Impeccably researched, thought challenging, and leavened by wit, Getting Religion, the highly anticipated new book from Kenneth L. Woodward, is ideal for listeners looking to understand how religion came to be a contentious element in 21st-century public life.
Here the award-winning author blends memoir (especially of the postwar era) with copious reporting and shrewd historical analysis to tell the story of how American religion, culture, and politics influenced each other in the second half of the 20th century. There are few people writing today who could tell this important story with such authority and insight.
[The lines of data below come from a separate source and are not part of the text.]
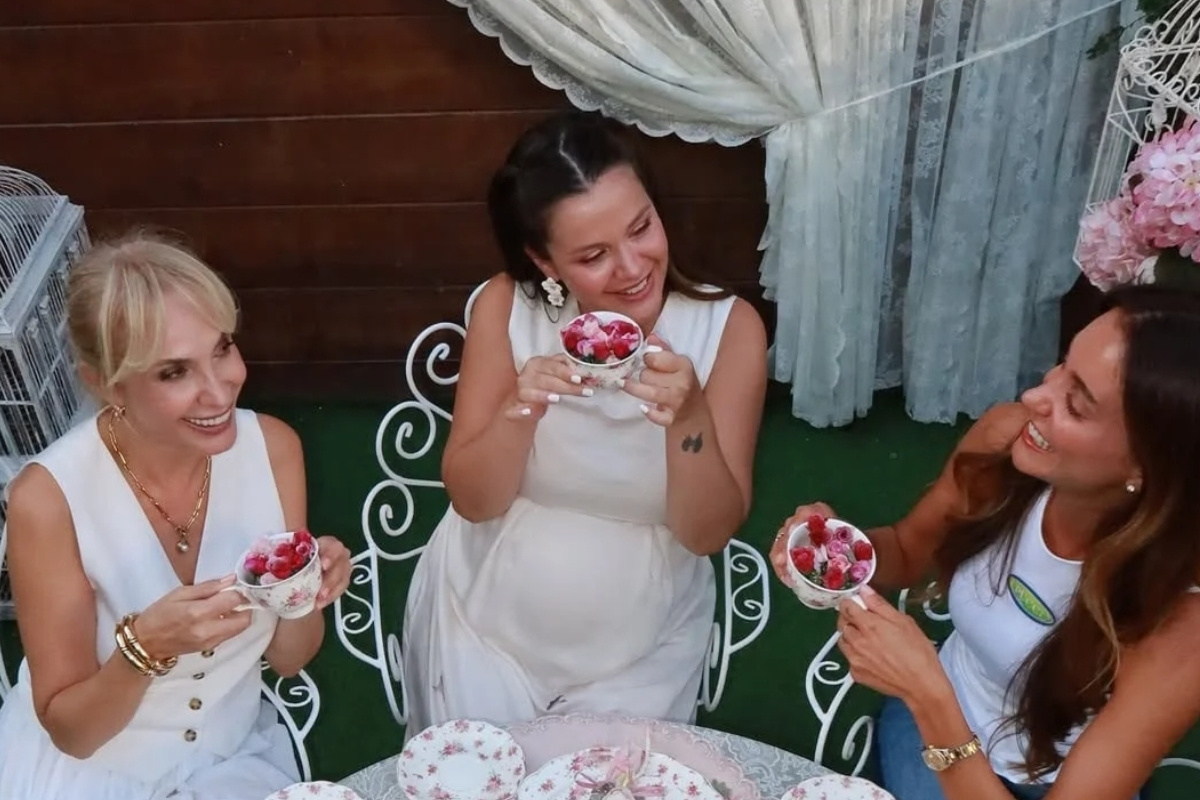 ilk bebegini kucagina almaya hazirlanan irem helvacioglu dogum oncesi baby shower partisi duzenledi 0 TM6jrFrQ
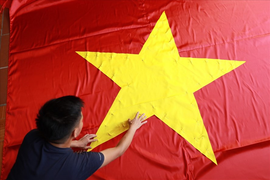  Video: Về thăm ngôi làng 'thổi hồn' cho lá cờ Tổ quốc 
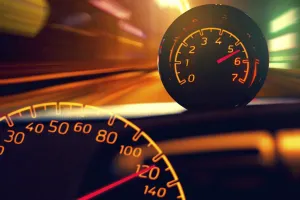 Samochód rajdowy pojechał 200 km/h leśnym odcinkiem ul. Słowackiego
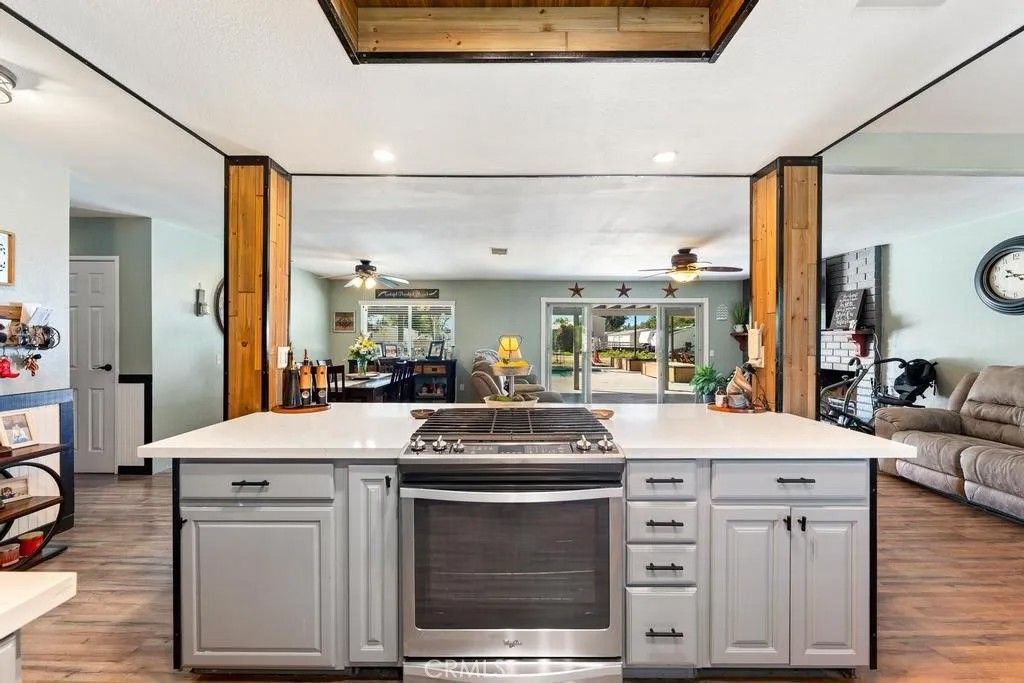 Photo of 1581 Hackney Street, Hemet, CA 92543 (MLS # SW26055521)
A scholar as well as one of the nation's most respected journalists, Woodward served as Newsweek's religion editor for nearly 40 years, reporting from five continents and contributing over 700 articles, including nearly 100 cover stories, on a wide range of social issues, ideas, and movements.
Beginning with a bold reassessment of the '50s, Woodward's narrative weaves through the civil rights era and the movements that followed in its wake: the anti-Vietnam movement, liberation theology in Latin America, the rise of Evangelicalism and decline of mainline Protestantism, women's liberation and the Bible, the turn to Asian spirituality, the transformation of the family and emergence of religious cults, and the embrace of righteous politics by both the Republican and Democratic Parties.
Along the way Woodward provides riveting portraits of many of the era's major figures: preachers like Billy Graham and Jerry Falwell; politicians Mario Cuomo and Hillary Clinton; movement leaders Daniel Berrigan, Abraham Joshua Heschel, and Richard John Neuhaus; influential thinkers ranging from Erik Erikson to Elizabeth Kubler-Ross; feminist theologians Rosemary Reuther and Elizabeth Schussler-Fiorenza; and est impresario Werner Erhardt, plus the author's longtime friend the Dalai Lama.
For listeners interested in how religion, economics, family life, and politics influence each other, Woodward introduces a fresh vocabulary of terms such as embedded religion, movement religion, and entrepreneurial religion to illuminate the interweaving of the secular and sacred in American public life.
This is one of those rare books that changes the way Americans think about belief, behavior, and belonging.